Alkali Lake hadn’t changed. Scott had assumed—as subsequent rainfall and snowmelt ate away at what remained of the dam—that the lake would be well on its way back to its original state of being, a wild and untamed river. But Fate wasn’t done joking. Turned out there was a sharp bend about a mile downstream from the dam that formed a natural choke point, preventing the water from draining completely. The level had dropped by more than half since the breach, but had finally reached a kind of equilibrium that still left the industrial complex beneath the dam’s face significantly underwater. Worse, the clearing where the
Blackbird
took off, where Jean had died, remained likewise buried.

He looked haggard, his lean features gaunt, as he stood at the water’s edge, staring at nothing.

Once more, he heard her call.

“Stop,” he pleaded. “Stop it.”

But she wouldn’t.

“Scott,” he heard, in the voice she once used to call him to bed, “please. Help me!”

That was the last straw.

With a cry torn from the deepest part of him—
“Jean!”
—Scott tore off his visor and opened his eyes wide.

Scarlet glory erupted through the air, as though someone had opened a window to the surface of the sun, and raw concussive energy gouged a momentary trench directly to the bottom of the lake, parting the waters like the hands of God through the Red Sea.

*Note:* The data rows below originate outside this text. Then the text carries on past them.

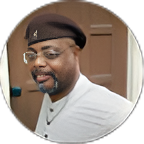 Man in a black beret and white shirt smiling in a doorway, shown in a circular crop
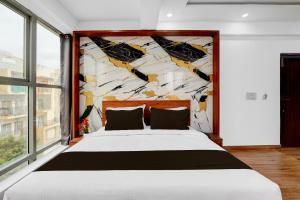 a bedroom with a large bed in front of a wall at Super Townhouse Whitefield Railway Station Formerly Kadugudi Whitefield in Bangalore +21 photos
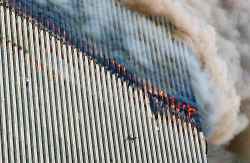 A person falls from the north tower of New York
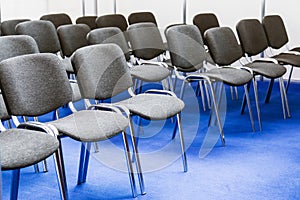 Rows of chairs at a conference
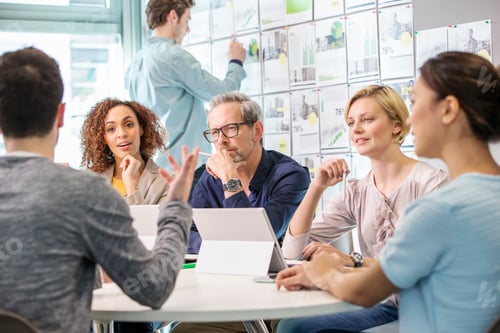 Preview: Digital design team discussing at conference table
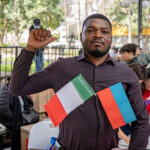 A Haitian man stands outdoors in a park-like setting, holding two small flags — one of Mexico and one of Haiti — attached to his shirt. He is looking slightly to the right with a neutral expression.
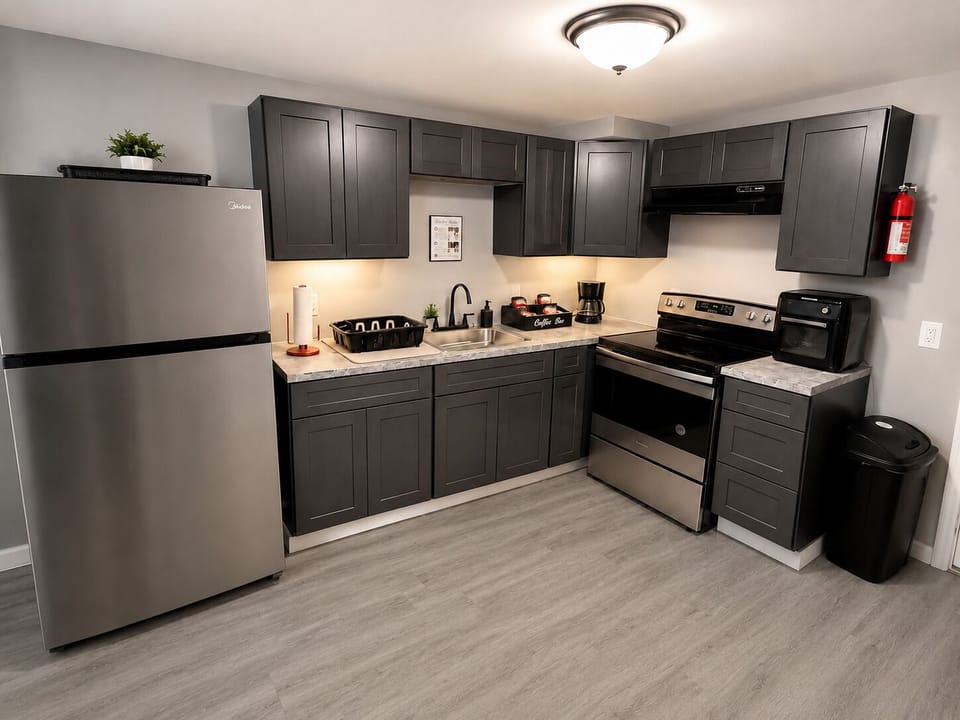 Fully equipped kitchen with full-size appliances, coffee maker and air fryer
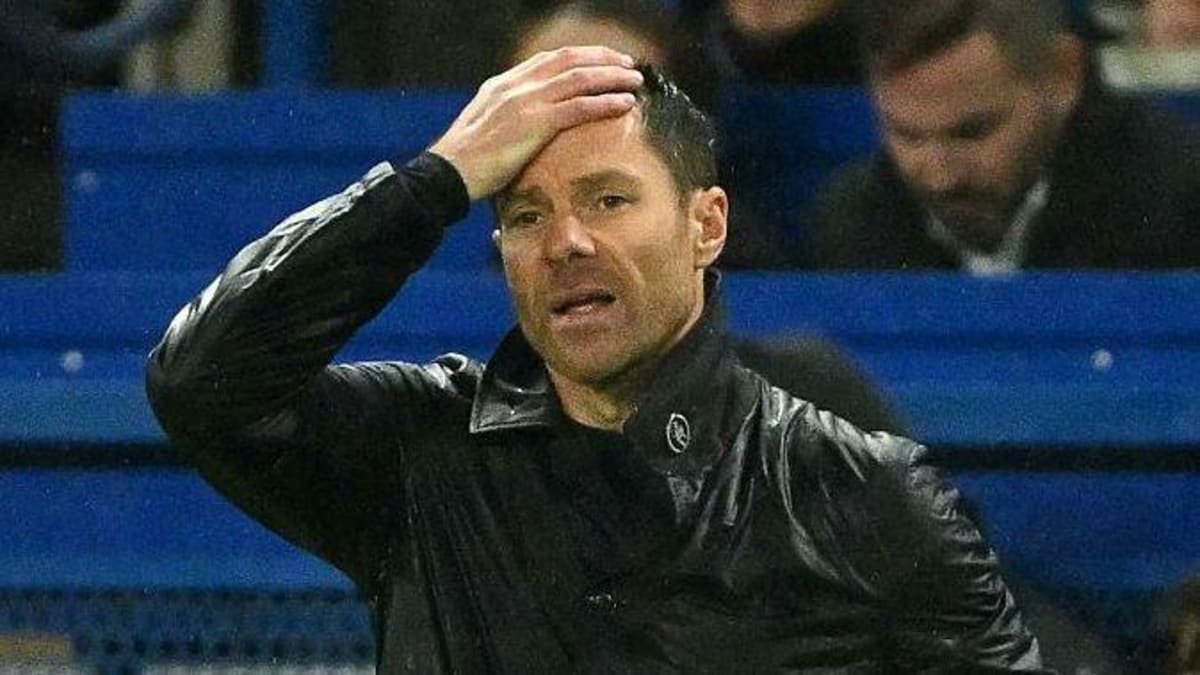 Xabi Alonso puts his hand to his head during the defeat to Tottenham 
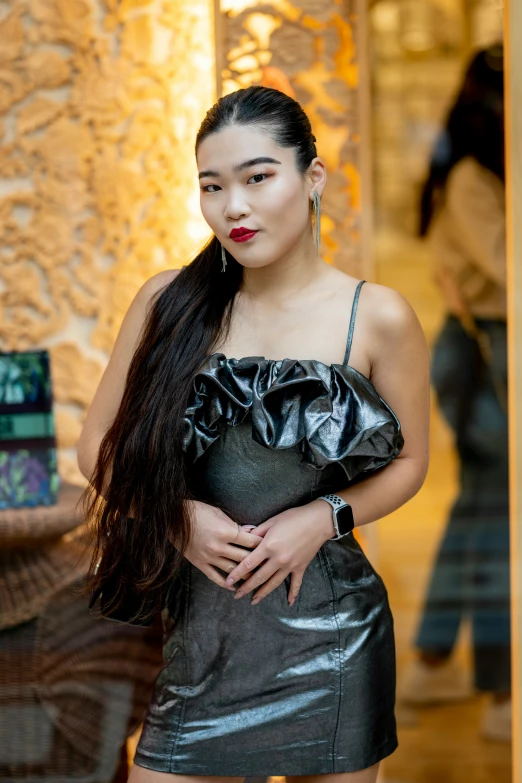 a woman standing next to a sculpture of a bear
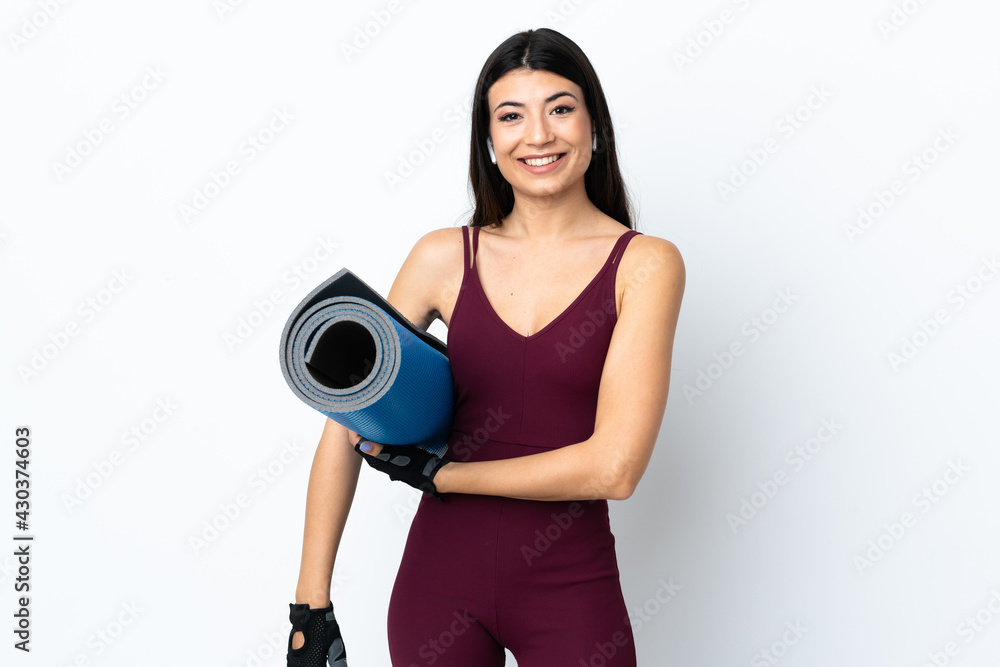 Young sport woman over isolated white background with a mat and smiling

Unchecked for once, wholly unrestrained, the bolt hammered at the rock along the opposite shore, following Scott’s line of sight so that when his gaze flicked towards one of the remaining towers of the dam, the entire structure shuddered with the initial impact, as though struck by a celestial battering ram. Then, with breathtaking suddenness, it shattered, not into rocks and boulders but powder, allowing the implacable beam to strike the mountainsides beyond.

And then, just like that, the beam was gone, and the only sign marking its passage through the lake was the crash of water filling space, coupled with the rise of vapor.

Scott collapsed to his knees, although even then—spent and exhausted as he was, in spirit and mind and body—he still reflexively groped for his glasses and snugged them back into place.

He was done. He couldn’t even cry, not tears anyway. Wherever the optic blasts came from inside his head, they annihilated his tears the moment they were formed. He could feel the ache of sobbing, he could give voice to his grief, he just couldn’t physically cry.

Then the water was stirring, almost boiling as he rose to his feet for a better look.

As the display built to a crescendo, water shot skyward in a magnificent fountain easily a hundred meters across, rising three or four times that into the air, better than a thousand feet, generating a shock wave that bent the lodgepole pines around Scott almost double and knocked him off his feet.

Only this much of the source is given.